IEEE Trans Neural Syst Rehabil Eng. 2017 Nov;25(11):1940-1949. doi: 10.1109/TNSRE.2017.2701002. Epub 2017 May 4.
Efficient classification of mental workload, an important issue in neuroscience, is limited, so far to single task, while cross-task classification remains a challenge. Furthermore, network approaches have emerged as a promising direction for studying the complex organization of the brain, enabling easier interpretation of various mental states. In this paper, using two mental tasks (N-back and mental arithmetic), we present a framework for cross- as well as within-task workload discrimination by utilizing multiband electroencephalography (EEG) cortical brain connectivity. In detail, we constructed functional networks in EEG source space in different frequency bands and considering the individual functional connections as classification features, we identified salient feature subsets based on a sequential feature selection algorithm. These connectivity subsets were able to provide accuracy of 87% for cross-task, 88% for N-back task, and 86% for mental arithmetic task. In conclusion, our method achieved to detect a small number of discriminative interactions among brain areas, leading to high accuracy in both within-task and cross-task classifications. In addition, the identified functional connectivity features, the majority of which were detected in frontal areas in theta and beta frequency bands, helped delineate the shared as well as the distinct neural mechanisms of the two mental tasks.

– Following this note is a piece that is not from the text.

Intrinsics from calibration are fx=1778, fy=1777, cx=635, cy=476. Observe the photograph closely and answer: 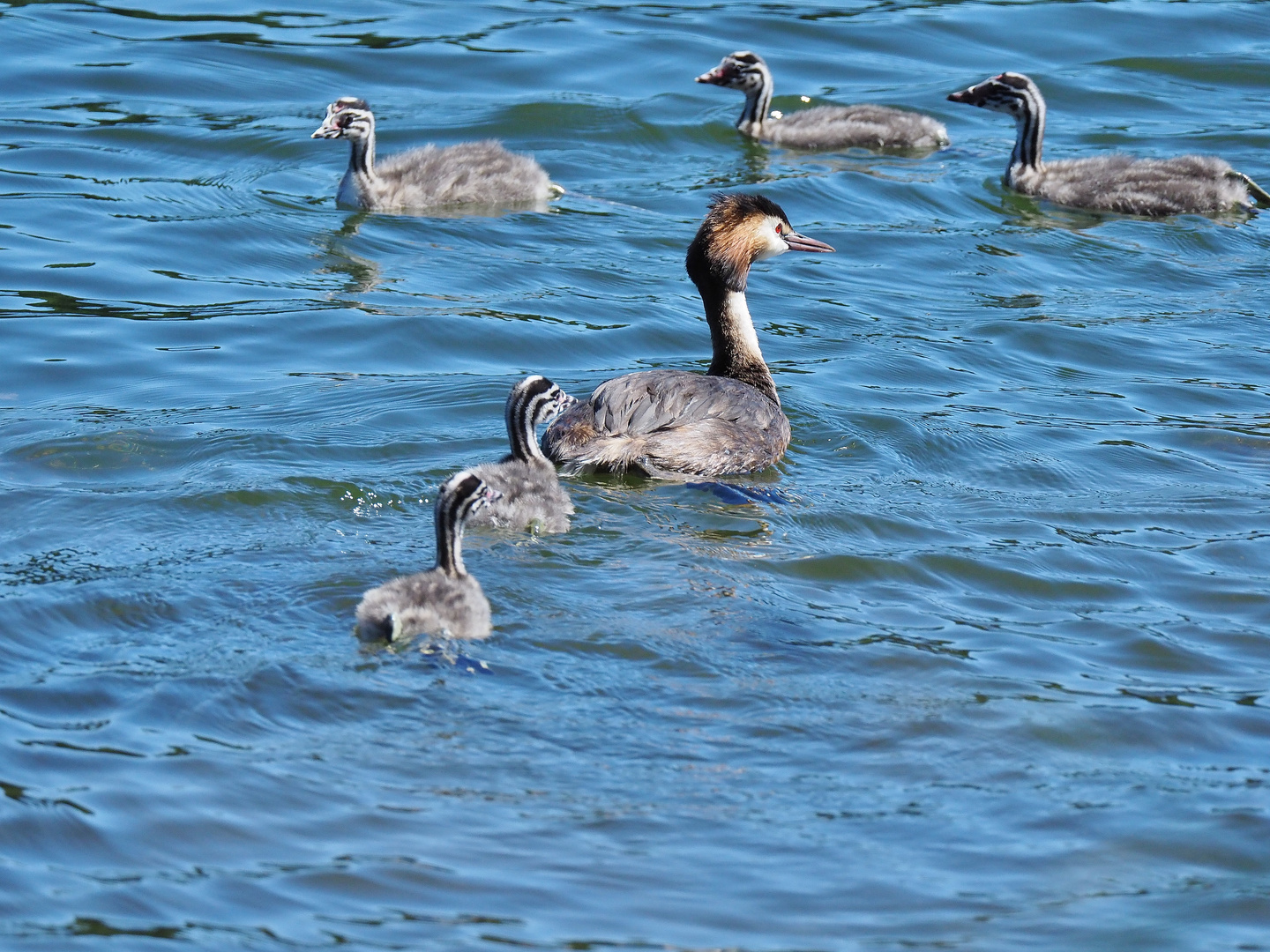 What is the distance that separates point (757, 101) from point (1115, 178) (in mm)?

目前,神经科学中对脑力负荷的有效分类仅限于单一任务,而跨任务分类仍然是一个挑战,因此,对多频段脑电图(EEG)皮质脑连接进行研究,以实现跨任务和任务内工作负荷的区分,这已成为一种很有前途的方法。在本文中,我们使用了两种心理任务(N-back 和心算),通过利用多频段脑电图(EEG)皮质脑连接,提出了一种用于跨任务和任务内工作负荷区分的框架。具体来说,我们在不同的频带中在 EEG 源空间构建了功能网络,并考虑个体功能连接作为分类特征,基于顺序特征选择算法识别出显著的特征子集。这些连接子集在跨任务、N-back 任务和心算任务中的分类准确率分别达到了 87%、88%和 86%。总之,我们的方法实现了检测大脑区域之间少量的判别性相互作用,从而在任务内和跨任务分类中都实现了高准确率。此外,所识别的功能连接特征,其中大部分在 theta 和 beta 频段的额叶区域被检测到,有助于描绘两个心理任务的共享和独特的神经机制。